Task details:
A word-for-word copy of the entries is needed, and it should contain no images.

Given records:
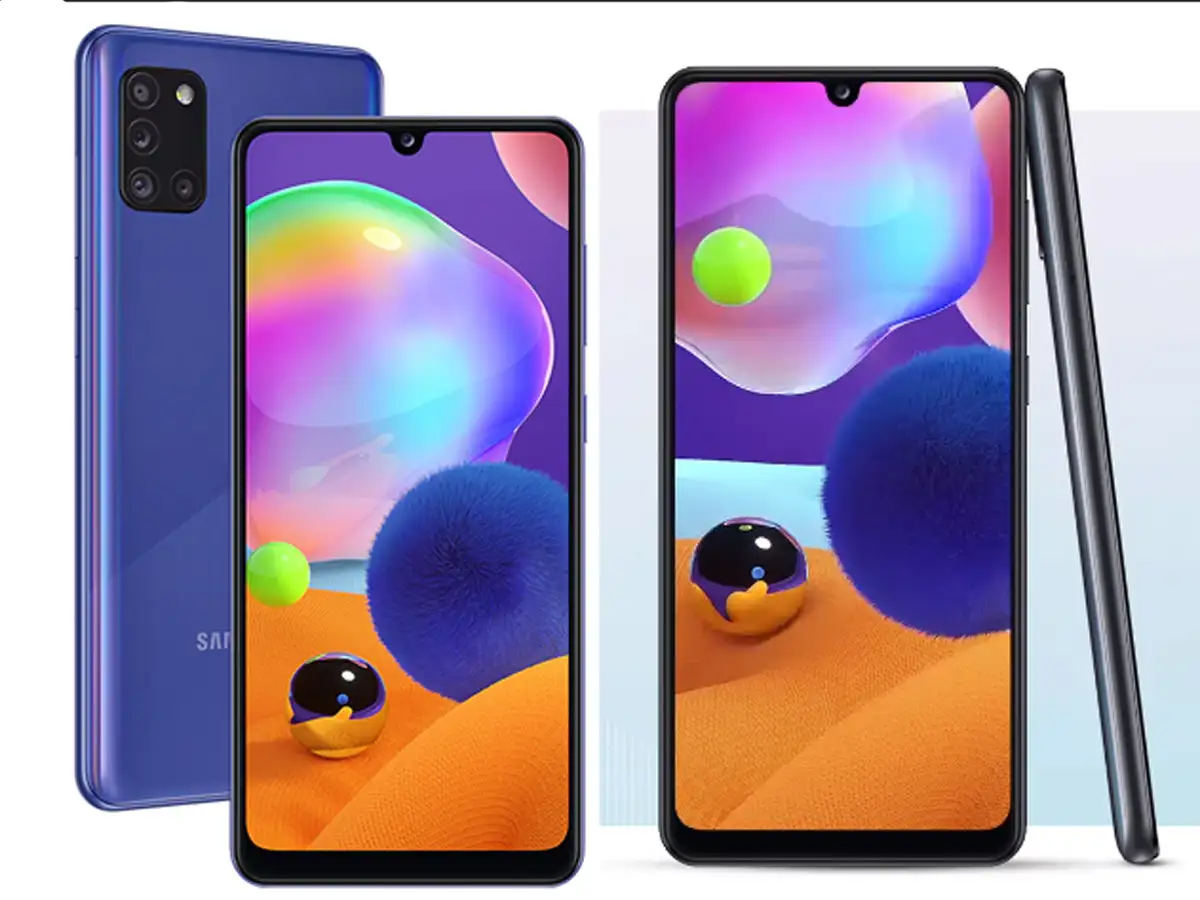 samsung galaxy a31 price: Samsung launches Galaxy A31 with quad 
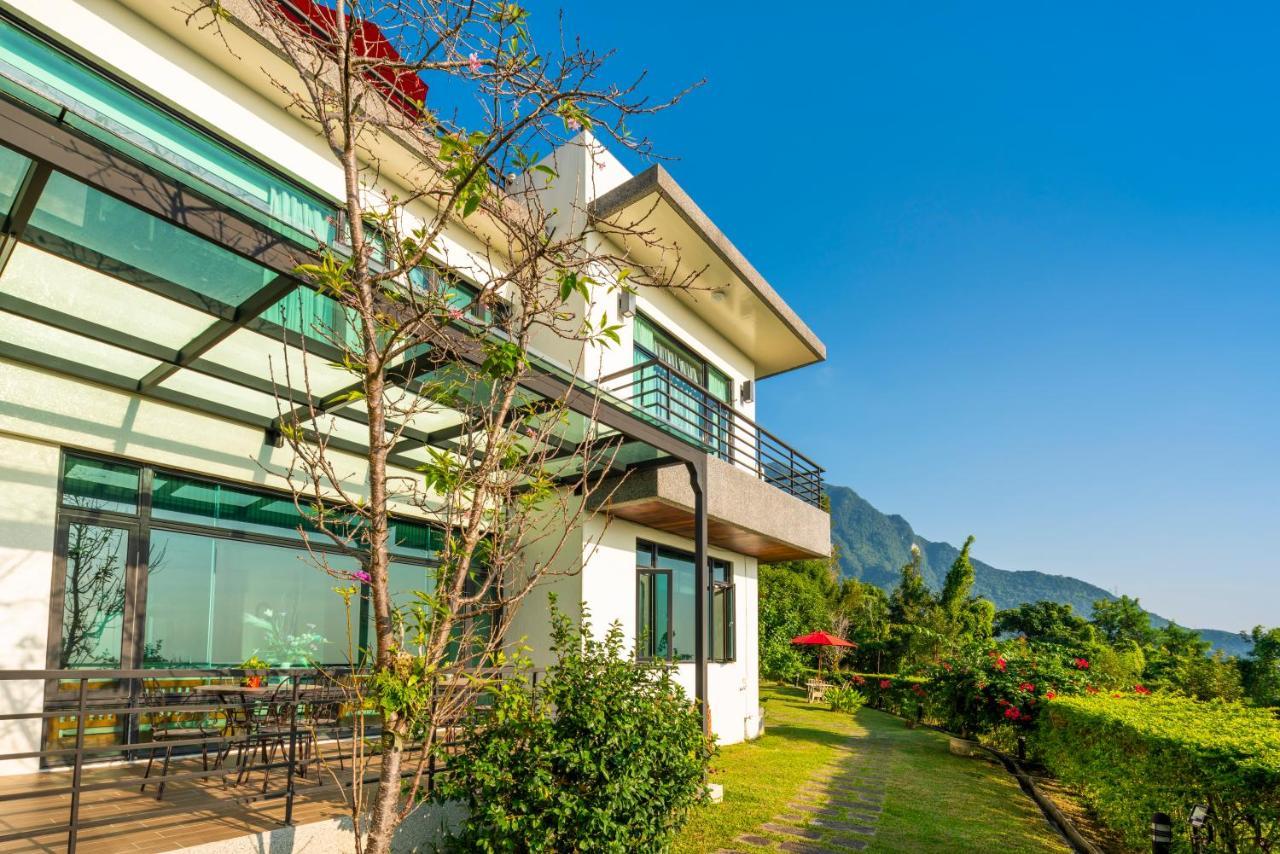 Azure Villa Ji'an Buitenkant foto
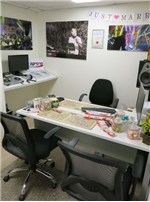 Coworking Israel Hata'asiya 21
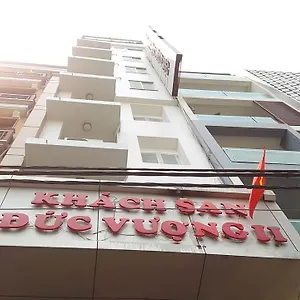 Duc Vuong Saigon - Cao Thang Отель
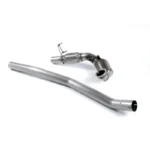 Milltek Downpipe за Skoda Octavia MK3 vRS 2.0 TSI 2013-2019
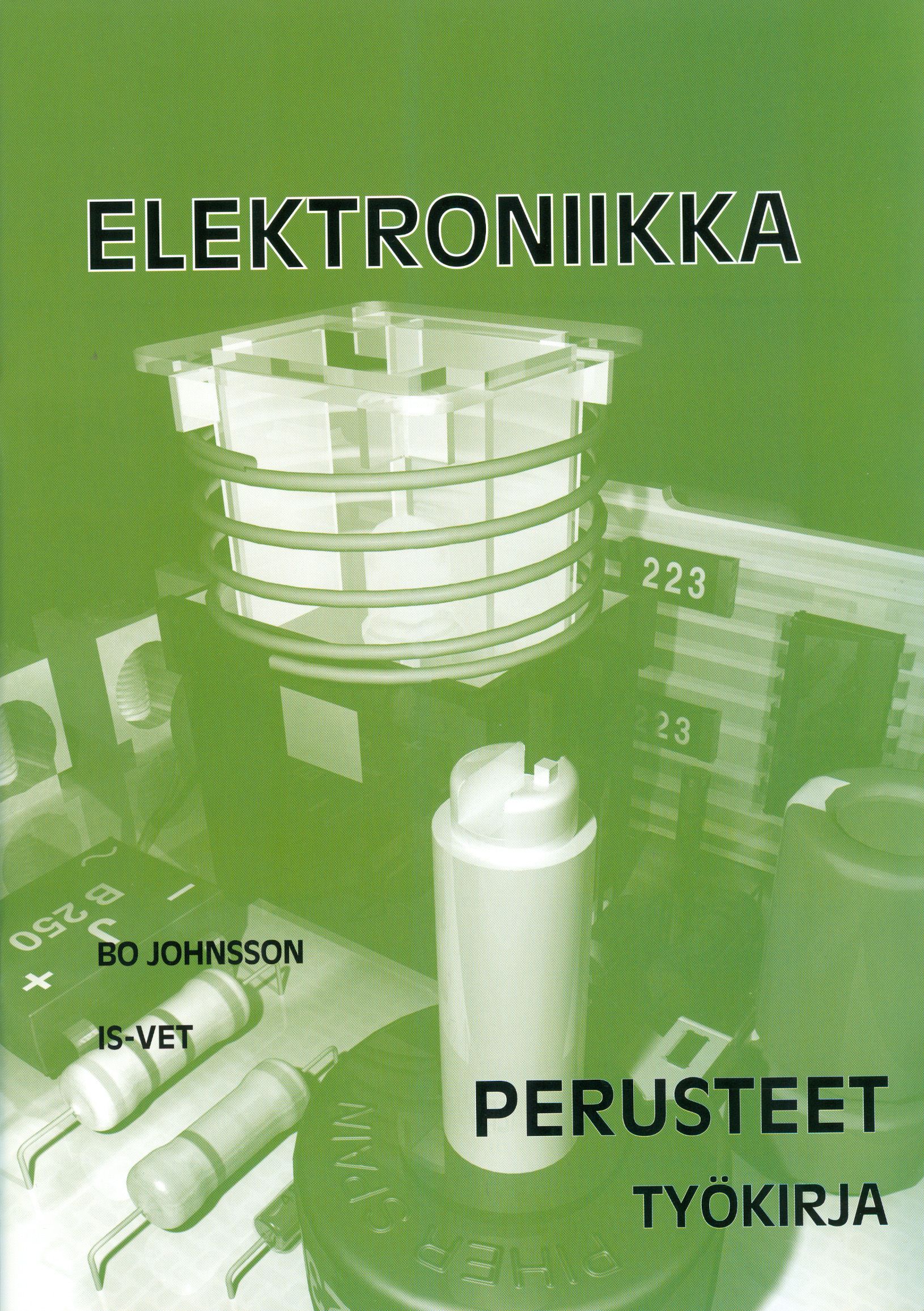 Bo Johnsson : Elektroniikka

Result of this exercise:
 samsung galaxy a31 price: Samsung launches Galaxy A31 with quad 
 Azure Villa Ji'an Buitenkant foto
 Coworking Israel Hata'asiya 21
 Duc Vuong Saigon - Cao Thang Отель
 Milltek Downpipe за Skoda Octavia MK3 vRS 2.0 TSI 2013-2019
 Bo Johnsson : Elektroniikka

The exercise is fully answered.